Hive to Cloud Storage template

Use the Dataproc Serverless Hive to Cloud Storage template to extract data from Hive to Cloud Storage.

Use the template

Run the template using the gcloud CLI or Dataproc API.

gcloud

Before using any of the command data below, make the following replacements:

  • PROJECT_ID: Required. Your Google Cloud project ID listed in the IAM Settings.
  • REGION: Required. Compute Engine region.
  • TEMPLATE_VERSION: Required. Specify latest for the latest template version, or the date of a specific version, for example, 2023-03-17_v0.1.0-beta (visit gs://dataproc-templates-binaries or run gcloud storage ls gs://dataproc-templates-binaries to list available template versions).
  • SUBNET: Optional. If a subnet is not specified, the subnet in the specified REGION in the default network is selected.

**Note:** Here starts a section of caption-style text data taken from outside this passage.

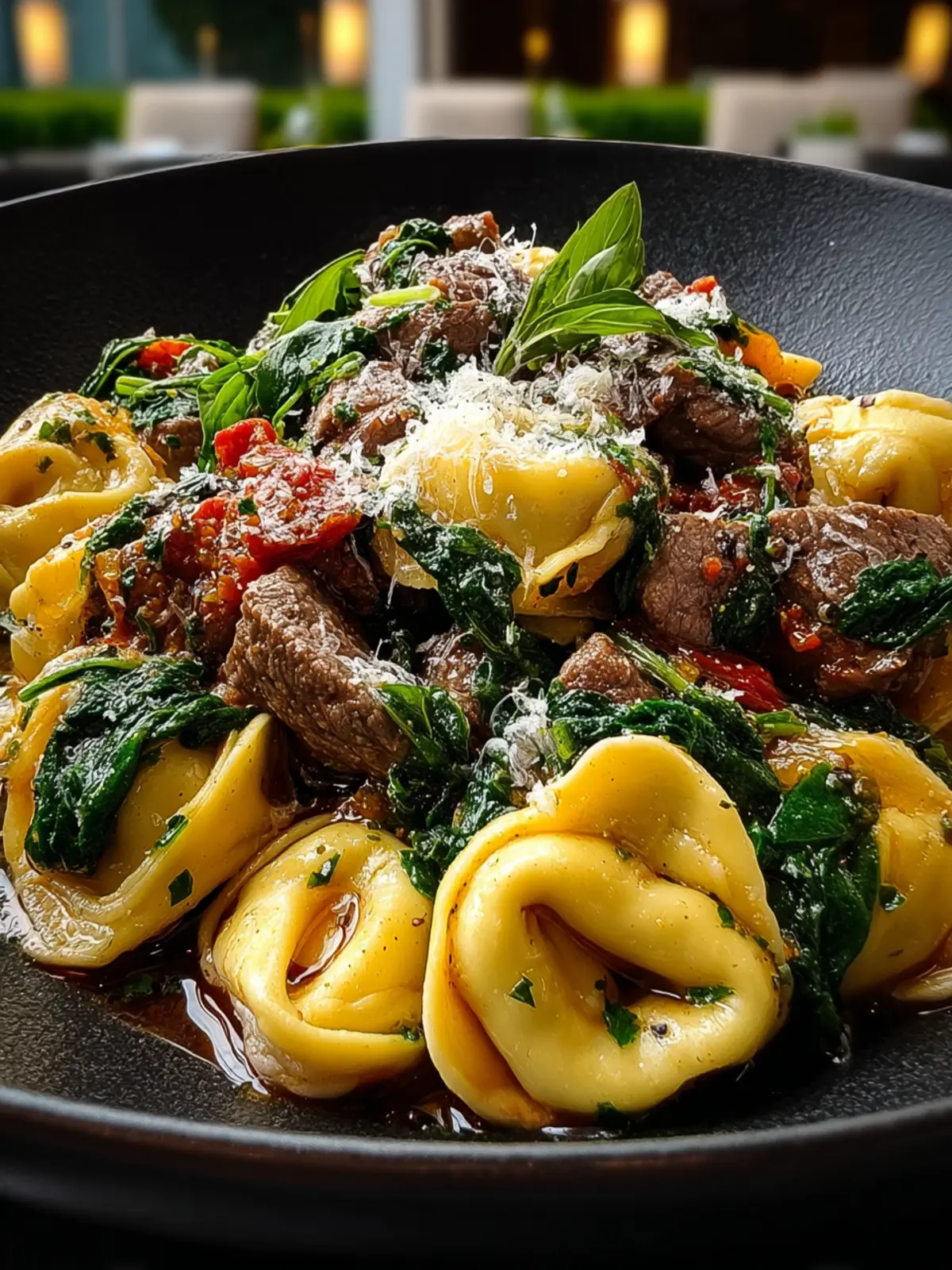 Garlic Butter Beef and Spinach Tortellini First Image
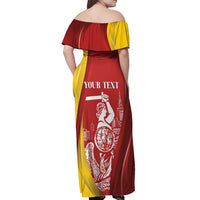 Warsaw Capital of Poland Personalized Off Shoulder Maxi Dress Syrenka Warszawska Sporty Style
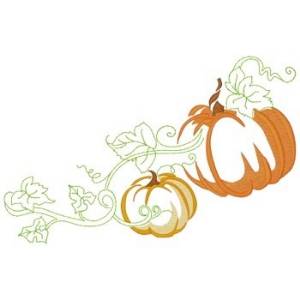 Picture of Pumpkins & Leaves Machine Embroidery Design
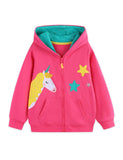 Star Unicorn Applique Zip-up Hoodie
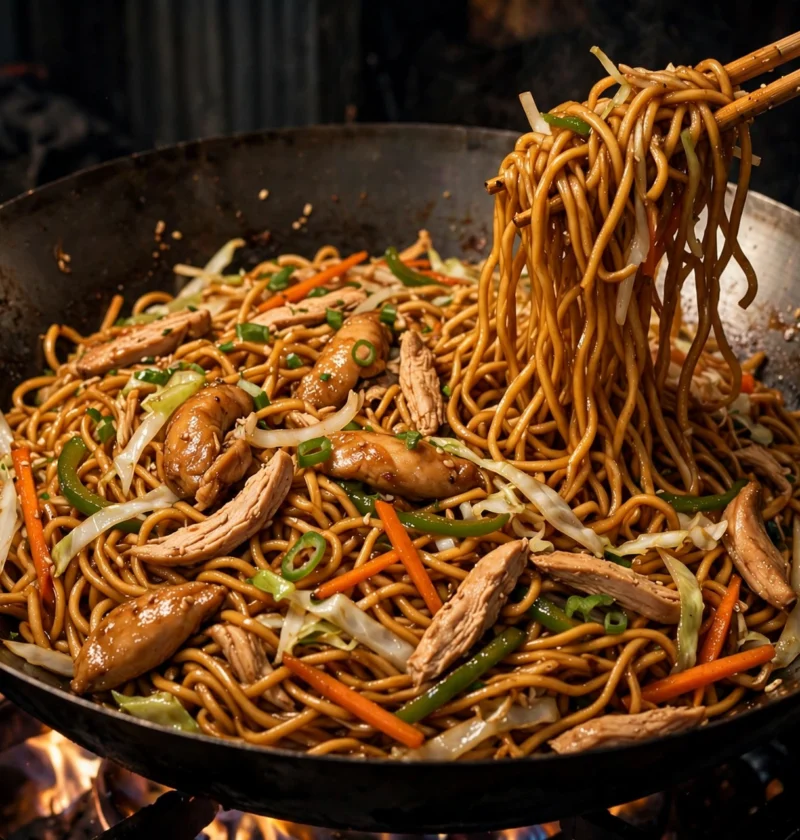 Chicken chow mein – wok-tossed noodles with vegetables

    Example: projects/PROJECT_ID/regions/REGION/subnetworks/SUBNET_NAME

  • HOST and PORT: Required. Hostname or IP address and port of the source Hive database host.

    Example: 10.0.0.33

  • TABLE: Required. Hive input table name.
  • DATABASE: Required. Hive input database name.
  • CLOUD_STORAGE_OUTPUT_PATH: Required. Cloud Storage path where output will be stored.

    Example: gs://dataproc-templates/hive_to_cloud_storage_output

  • FORMAT: Optional. Output data format. Options: avro, parquet, csv, or json. Default: avro. Note: If avro, you must add file:///usr/lib/spark/connector/spark-avro.jar to the jars gcloud CLI flag or API field.

    Example (the file:// prefix references a Dataproc Serverless jar file):

    --jars=file:///usr/lib/spark/connector/spark-avro.jar, [, ... other jars]
  • HIVE_PARTITION_COLUMN: Optional. Column to partition Hive data.
  • MODE: Required. Write mode for Cloud Storage output. Options: append, overwrite, ignore, or errorifexists.
  • SERVICE_ACCOUNT: Optional. If not provided, the default Compute Engine service account is used.
  • PROPERTY and PROPERTY_VALUE: Optional. Comma-separated list of Spark property=value pairs.
  • LABEL and LABEL_VALUE: Optional. Comma-separated list of label=value pairs.
  • LOG_LEVEL: Optional. Level of logging. Can be one of ALL, DEBUG, ERROR, FATAL, INFO, OFF, TRACE, or WARN. Default: INFO.
  • KMS_KEY: Optional. The Cloud Key Management Service key to use for encryption. If a key is not specified, data is encrypted at rest using a Google-owned and Google-managed encryption key.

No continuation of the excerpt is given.